Commissioner White found that the slope and reference stakes placed by the Government were not within reasonable limits of engineering accuracy. This finding (number 8) is supported by the evidence, specifically by the testimony of plaintiff's expert witnesses. The parties disagree as to the precise standard of accuracy which was applicable to the staking. Defendant contends that a variance of 1 foot (too high or too low) would be reasonable, while plaintiff asserts that the proper limit was no more than three-tenths of a foot. Complete acceptance of plaintiff's assertion is unnecessary, for, even under the standard proposed by defendant, a substantial portion of the stakes (resurveyed by Chellquist) was in error. Furthermore, a tolerance of plus or minus five-tenths of a foot would appear to be reasonable, and, according to the Chellquist survey, 51 percent of the slope and reference stakes exceeded this limit of vertical tolerance. Thus, whatever the precise standard for staking accuracy, an excessive number of errors was committed by the Bureau of Public Roads. It is important to note that, after the making of various corrections, the Bureau admitted the validity of Chellquist's survey.

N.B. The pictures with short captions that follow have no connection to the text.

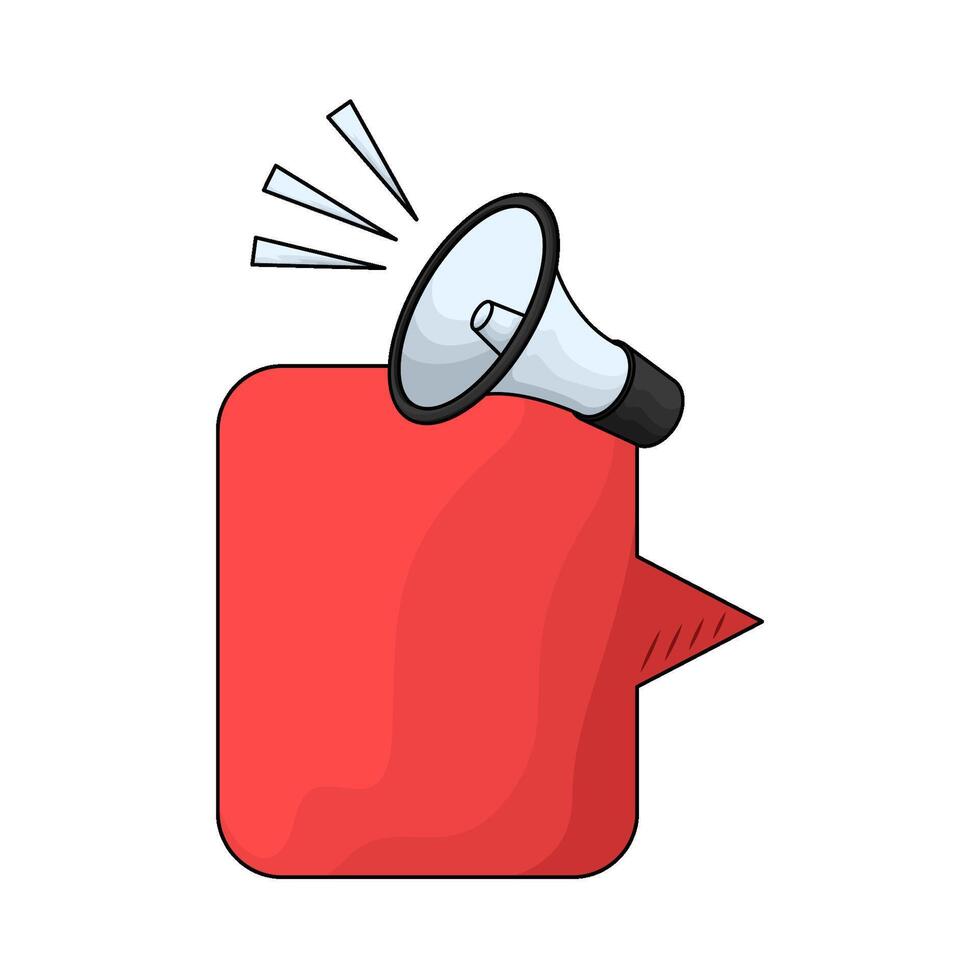 illustration of megaphone speaker and bubble chat vector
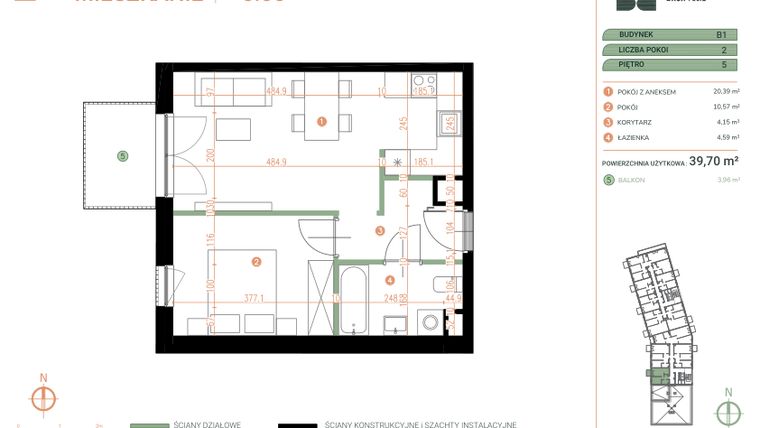 Rzut - Mieszkanie na sprzedaż 2 pokoje o powierzchni 39,7 m² - numer M.05.05 w Casa Feliz Portowa II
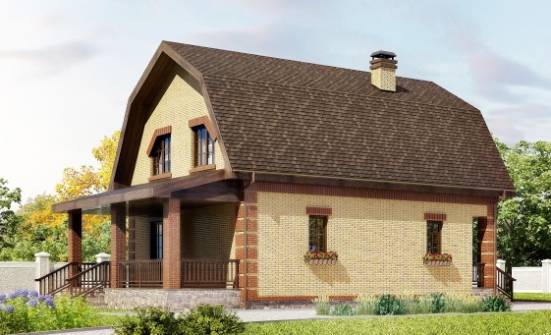 130-005-Л Проект двухэтажного дома мансардой, бюджетный коттедж из газобетона Владикавказ | Проекты домов от House Expert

The contract imposed upon the Government the obligation to "set construction stakes establishing lines, slopes and continuous profile-grade in road work * * *" and further provided that "[such stakes] * * * shall constitute the field control by and in accordance with which the contractor shall govern and execute the work." In order to satisfy its contractual duty, it was incumbent upon the Government to perform in a reasonable and workmanlike manner. Otherwise, the Government would run afoul of the implied condition that neither party hinder the work of the other. Cf. Laburnum Constr. Corp. v. United States, 325 F.2d 451, 163 Ct.Cl. 339, 350 (1963). As indicated above, the Bureau of Public Roads failed to observe reasonable standards of accuracy.


In order to prevail, plaintiff must show not only that errors were committed, but also that damage resulted. Commissioner White found that the negligent staking had a substantial and adverse effect upon the efficiency of plaintiff's operations. A general description of the consequences of the errors is contained in finding 11. One area in which plaintiff experienced difficulty was that between Williams Creek (station 794) and station 720. Excavation of this region took place in March and April 1953. According to plaintiff's witnesses, numerous interruptions occurred during this period. One such instance occurred just west of Williams Creek. The irregular nature of the grade (which had been based upon the stakes set by the Bureau) necessitated the cessation and then the retracing of operations. As a result, the efficiency of plaintiff's work was reduced. It is this type of injury for which plaintiff seeks compensation.


Defendant contends that plaintiff failed to give the Bureau timely notice of the inaccurate staking and that, therefore, plaintiff's position is that of a contractor who, with knowledge of discrepancies, seeks to take advantage of them. Defendant cites such cases as Beacon Constr. Co. of Mass. v. United States, 314 F.2d 501, 161 Ct.Cl. 1 (1963). There are two flaws in defendant's analysis. First, plaintiff itself was slow to realize that a cause of its difficulties was erroneous staking. Until late April 1953, plaintiff had assumed that the inefficiencies could be remedied by making changes in personnel. By the latter part of April, the process of basic excavation had been completed over much of the road. Secondly, defendant's resident engineer was present at the work site, and plaintiff was reasonably prompt in informing him of the matter of erroneous stakes.1 In any event, defendant is not correct in asserting that plaintiff began its survey in July 1953 without having apprised the Bureau of the alleged errors. The Government had been told previously of plaintiff's suspicions regarding the staking.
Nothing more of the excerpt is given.